Даже теперь, когда мы уже знаем, как в действительности развивались события, довольно трудно себе представить, какой другой курс Горбачев мог бы реально проводить. Он действительно не хотел проливать кровь для подавления националистических чаяний республик. Увы, большинство его коллег было не готово позволить ему привести Союз к мирному прекращению своего существования. Да и сам он, подобно Черчиллю, не считал, что его избрали для того, чтобы он руководил ликвидацией империи. Впрочем, на то, что Советский Союз устоит, надеялось не только советское правительство. Шеварднадзе регулярно предостерегал своих западных коллег, что распад Советского Союза может сопровождаться кровопролитием — это будет Югославия в континентальном масштабе, но на этот раз при наличии ядерного оружия. Эта перспектива внушала западным правительствам ужас. До самой последней минуты они делали все, что могли (практически — очень мало), чтобы помочь Горбачеву сохранить целостность страны. Однако русские убедились, так же как до них другие, в том, что джинна национализма, выпущенного из бутылки, невозможно загнать обратно. Покоренные народы не хотели подчиняться русскому владычеству. А русские утратили свою имперскую волю. Единственное, что оставалось Горбачеву, — это хитрить и изворачиваться, преуменьшать масштабы кровопролития, пытаться установить новые отношения между отдельными частями прежнего Союза и, в конце концов, примириться с неизбежным, насколько возможно — достойно.
К сентябрю 1989 года признаки распада становилось уже трудно не замечать. Я записал в своем дневнике: «Крайне трудно представить себе какую бы то ни было политическую линию, которая могла бы эффективно остановить национальные волнения. Народы чувствуют, что их русские имперские хозяева утратили волю к управлению. Но для сухопутной империи деколонизация — предприятие гораздо более сложное, чем для морской империи. Британский народ мог довольно быстро забыть о том, что он когда-то правил Индией, Индия далеко, и большинство британцев никогда там не бывало. В противоположность этому в большинстве (советских) республик имеется значительное русское меньшинство, и русские считают своим естественным правом проводить в своих колониях отпуск, рыть там шахты и строить загрязняющие воздух заводы, не считаясь с тем, что думает по этому поводу местное население. Если бы началась гражданская война, ее мог бы вызвать инцидент в одной из республик, связанный с убийством какого-то числа русских. Нажим в Москве на Горбачева с требованием подавить беспорядки мог бы тогда стать непреодолимым. Но это завело бы русских (я имею в виду именно русских, не Советы) в трясину Алжира, Родезии, Ольстера, — нов гораздо худшем варианте, чем тот, с которым пришлось столкнуться нам или французам. Ключевую роль могла бы сыграть Украина. Пока что она оставалась сравнительно (и зловеще) спокойной. Если она сейчас придет в движение, последствия могут оказаться поистине весьма мрачными».

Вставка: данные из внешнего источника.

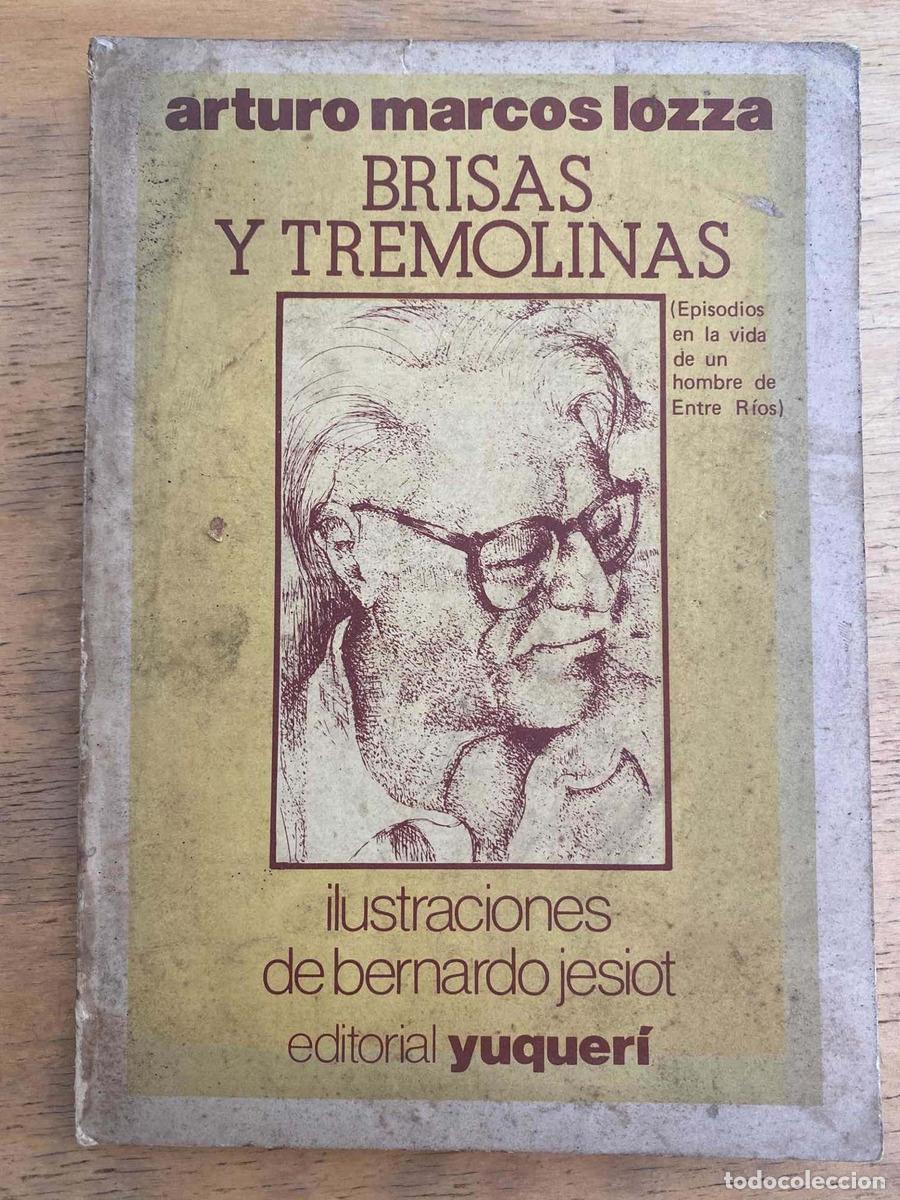 Brisas y tremolinas - Arturo Marcos Lozza
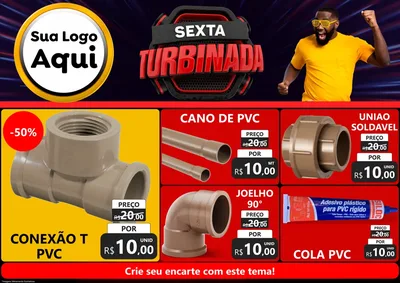 Modelo de Encarte para Encarte A4 Horizontal com o tema Sexta Turbinada para Tubos e conexões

Годом позже, в день, когда Горбачев подписал соглашение о воссоединении Германии, знаменовавшее собой конец существования восточно-европейской империи Советского Союза, я сказал Дугласу Херду, что Союз вряд ли сможет сохраниться в своей нынешней форме. Может остаться некий сердцевинный Союз, состоящий из трех славянских республик — России, Украины и Белоруссии, — связанный определенными договоренностями с тремя независимыми балтийскими государствами. Кавказ и Средняя Азия могут оказаться ввергнутыми в постоянную межклановую борьбу. Я не мог себе представить, чтобы русские стали воевать ради восстановления своей прежней империи. Но я вполне мог представить, сколько крови прольется, если русским придется взяться за оружие, чтобы прикрыть возвращение своих жен и детей, крупных русских сообществ из Казахстана и других мест. Кровопролитие в Вильнюсе в январе 1991 года подтвердило мои опасения. В мае я заявил на совещании высших военных командующих НАТО, что Советский Союз вряд ли сможет сохраниться в своем нынешнем строго централизованном виде, однако маловероятно, чтобы он распался на 15 своих составных частей. Это было не самое точное из моих предсказаний. Прошло всего лишь семь месяцев, и Советский Союз распался. Проблема, возникшая перед западными политиками, состояла лишь в том, как скоро и в каком порядке признавать появившиеся в результате этого на свет новые государства. Даже на этой поздней стадии некоторые все еще пытались сконструировать некое объединение трех славянских государств, связанных так или иначе с другими республиками бывшего Советского Союза. Большинство русских считало, что это в порядке вещей. Именно так думал Ельцин, а его украинский коллега Кравчук делал вид, что именно это он и предлагает, когда 8 декабря 1991 года они подписали в Беловежской пуще смертный приговор Союзу.